Only an exact, line-for-line copy of the data will serve as the answer.
------ MATERIAL FOR THIS EXERCISE
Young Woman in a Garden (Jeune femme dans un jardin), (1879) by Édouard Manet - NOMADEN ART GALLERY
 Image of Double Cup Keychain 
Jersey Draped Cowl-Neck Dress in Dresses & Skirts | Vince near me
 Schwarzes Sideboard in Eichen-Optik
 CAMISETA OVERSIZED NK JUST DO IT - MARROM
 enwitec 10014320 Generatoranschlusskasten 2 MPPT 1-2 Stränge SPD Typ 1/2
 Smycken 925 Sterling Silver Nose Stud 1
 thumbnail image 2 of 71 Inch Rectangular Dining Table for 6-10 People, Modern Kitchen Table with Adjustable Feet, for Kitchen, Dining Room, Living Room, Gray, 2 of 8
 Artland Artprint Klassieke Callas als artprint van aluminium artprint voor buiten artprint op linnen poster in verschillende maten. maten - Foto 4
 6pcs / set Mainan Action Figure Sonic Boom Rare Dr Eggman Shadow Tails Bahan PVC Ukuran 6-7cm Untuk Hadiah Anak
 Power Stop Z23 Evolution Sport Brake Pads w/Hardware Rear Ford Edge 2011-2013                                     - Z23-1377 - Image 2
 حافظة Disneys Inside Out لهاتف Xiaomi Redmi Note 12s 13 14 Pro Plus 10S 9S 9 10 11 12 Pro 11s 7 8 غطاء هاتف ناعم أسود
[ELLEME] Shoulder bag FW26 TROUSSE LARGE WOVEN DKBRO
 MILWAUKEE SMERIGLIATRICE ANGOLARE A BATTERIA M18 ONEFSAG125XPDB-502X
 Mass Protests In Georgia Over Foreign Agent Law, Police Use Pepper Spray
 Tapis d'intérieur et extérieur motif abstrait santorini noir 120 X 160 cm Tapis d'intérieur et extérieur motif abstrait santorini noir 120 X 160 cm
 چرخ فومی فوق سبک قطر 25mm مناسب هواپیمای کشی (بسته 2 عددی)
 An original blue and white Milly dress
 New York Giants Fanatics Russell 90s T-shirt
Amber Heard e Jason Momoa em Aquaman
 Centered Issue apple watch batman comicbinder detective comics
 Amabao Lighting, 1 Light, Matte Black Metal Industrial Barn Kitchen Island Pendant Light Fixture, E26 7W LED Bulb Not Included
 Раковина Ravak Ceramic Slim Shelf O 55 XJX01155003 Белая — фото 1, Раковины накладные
------------
▶ _OUTPUT OF THE TASK_:
Young Woman in a Garden (Jeune femme dans un jardin), (1879) by Édouard Manet - NOMADEN ART GALLERY
 Image of Double Cup Keychain 
Jersey Draped Cowl-Neck Dress in Dresses & Skirts | Vince near me
 Schwarzes Sideboard in Eichen-Optik
 CAMISETA OVERSIZED NK JUST DO IT - MARROM
 enwitec 10014320 Generatoranschlusskasten 2 MPPT 1-2 Stränge SPD Typ 1/2
 Smycken 925 Sterling Silver Nose Stud 1
 thumbnail image 2 of 71 Inch Rectangular Dining Table for 6-10 People, Modern Kitchen Table with Adjustable Feet, for Kitchen, Dining Room, Living Room, Gray, 2 of 8
 Artland Artprint Klassieke Callas als artprint van aluminium artprint voor buiten artprint op linnen poster in verschillende maten. maten - Foto 4
 6pcs / set Mainan Action Figure Sonic Boom Rare Dr Eggman Shadow Tails Bahan PVC Ukuran 6-7cm Untuk Hadiah Anak
 Power Stop Z23 Evolution Sport Brake Pads w/Hardware Rear Ford Edge 2011-2013                                     - Z23-1377 - Image 2
 حافظة Disneys Inside Out لهاتف Xiaomi Redmi Note 12s 13 14 Pro Plus 10S 9S 9 10 11 12 Pro 11s 7 8 غطاء هاتف ناعم أسود
[ELLEME] Shoulder bag FW26 TROUSSE LARGE WOVEN DKBRO
 MILWAUKEE SMERIGLIATRICE ANGOLARE A BATTERIA M18 ONEFSAG125XPDB-502X
 Mass Protests In Georgia Over Foreign Agent Law, Police Use Pepper Spray
 Tapis d'intérieur et extérieur motif abstrait santorini noir 120 X 160 cm Tapis d'intérieur et extérieur motif abstrait santorini noir 120 X 160 cm
 چرخ فومی فوق سبک قطر 25mm مناسب هواپیمای کشی (بسته 2 عددی)
 An original blue and white Milly dress
 New York Giants Fanatics Russell 90s T-shirt
Amber Heard e Jason Momoa em Aquaman
 Centered Issue apple watch batman comicbinder detective comics
 Amabao Lighting, 1 Light, Matte Black Metal Industrial Barn Kitchen Island Pendant Light Fixture, E26 7W LED Bulb Not Included
 Раковина Ravak Ceramic Slim Shelf O 55 XJX01155003 Белая — фото 1, Раковины накладные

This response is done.